[[ RECORDS SHOWN, beginning ]]

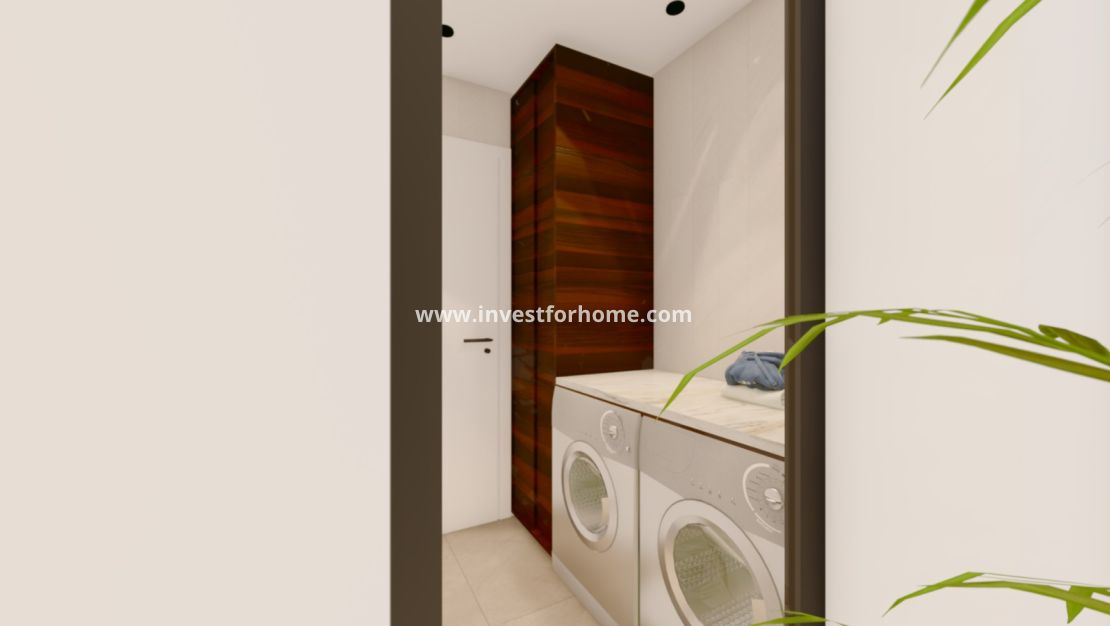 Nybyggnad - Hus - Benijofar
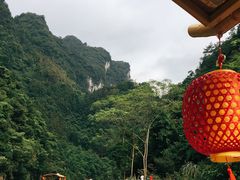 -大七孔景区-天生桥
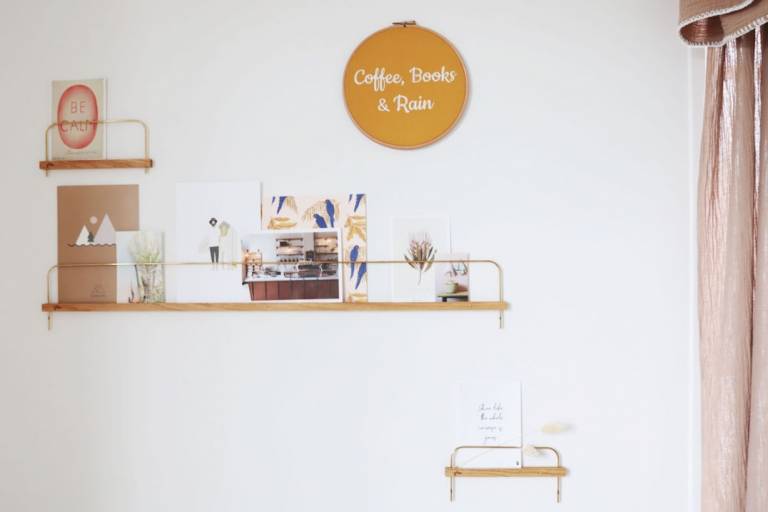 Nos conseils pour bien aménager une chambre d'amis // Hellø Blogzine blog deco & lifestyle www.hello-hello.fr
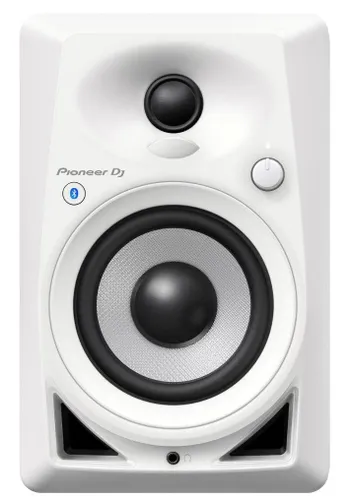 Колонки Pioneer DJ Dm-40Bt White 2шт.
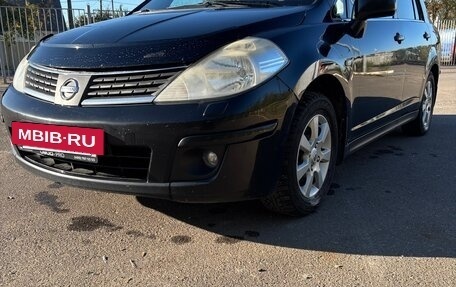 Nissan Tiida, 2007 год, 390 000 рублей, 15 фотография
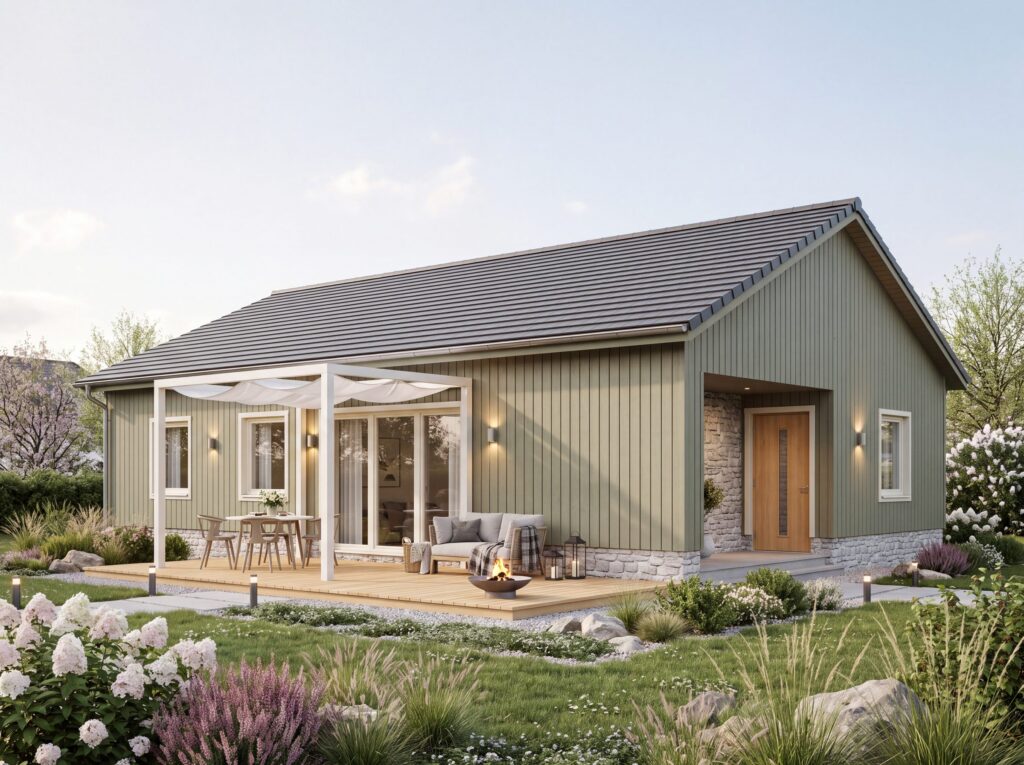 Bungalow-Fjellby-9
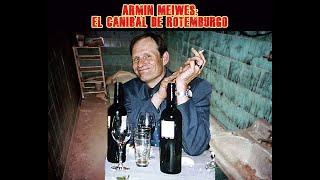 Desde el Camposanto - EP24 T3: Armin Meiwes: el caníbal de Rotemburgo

[[ RECORDS SHOWN, end ]]
[[ RECORDS SHOWN, beginning ]]

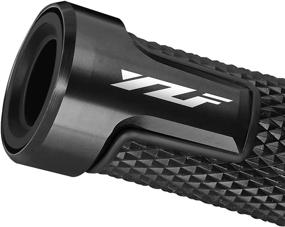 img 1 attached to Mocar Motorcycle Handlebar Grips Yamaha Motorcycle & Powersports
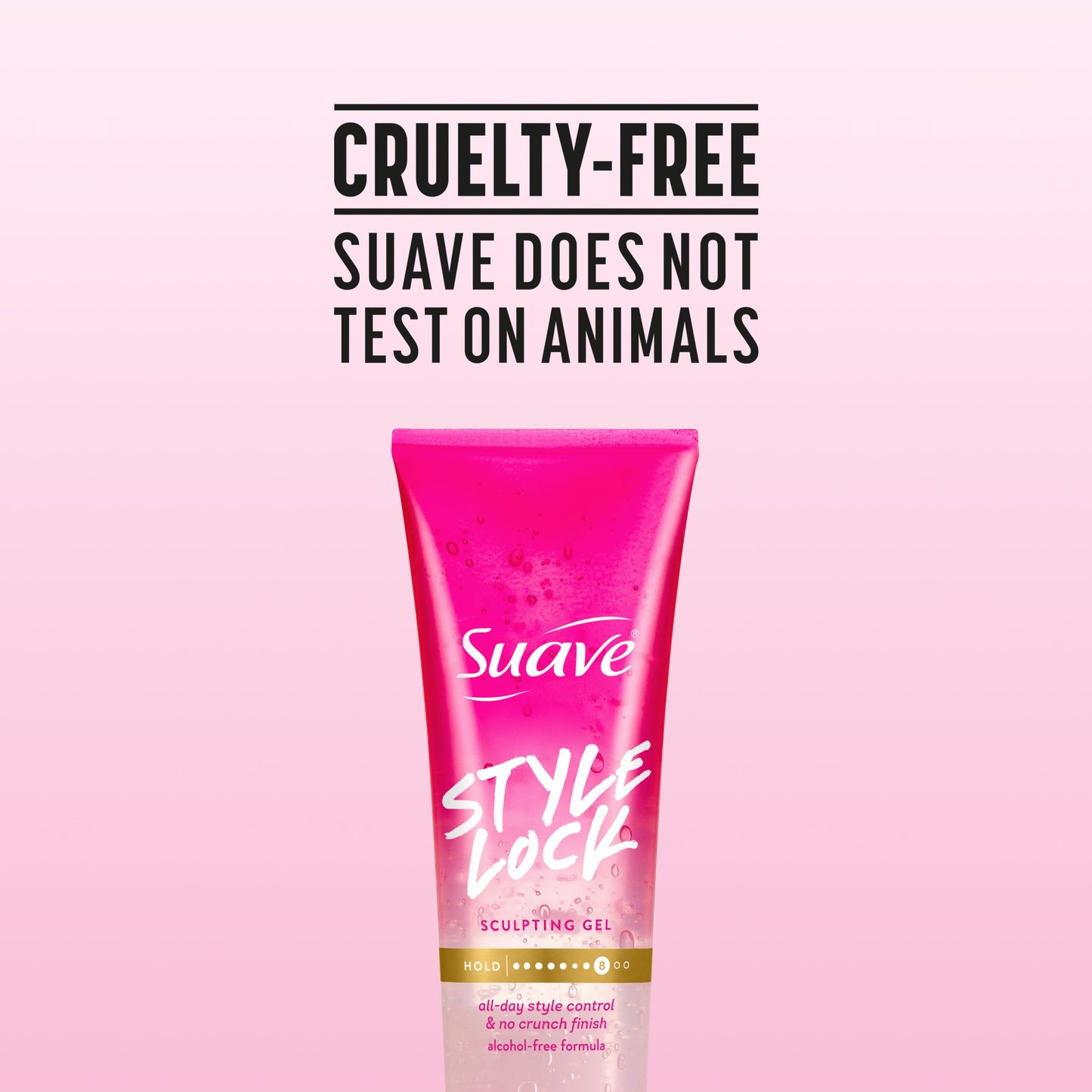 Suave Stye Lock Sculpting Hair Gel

[[ RECORDS SHOWN, end ]]

* _YOUR OBJECTIVE_
Copy nothing but the lines above that run from the one with "Nybyggnad - Hus - Benijofar" to the one with "Desde el Camposanto", ends included; pictures stay out.

* _TASK SOLUTION_
 Nybyggnad - Hus - Benijofar
 -大七孔景区-天生桥
 Nos conseils pour bien aménager une chambre d'amis // Hellø Blogzine blog deco & lifestyle www.hello-hello.fr
 Колонки Pioneer DJ Dm-40Bt White 2шт.
 Nissan Tiida, 2007 год, 390 000 рублей, 15 фотография
 Bungalow-Fjellby-9
 Desde el Camposanto - EP24 T3: Armin Meiwes: el caníbal de Rotemburgo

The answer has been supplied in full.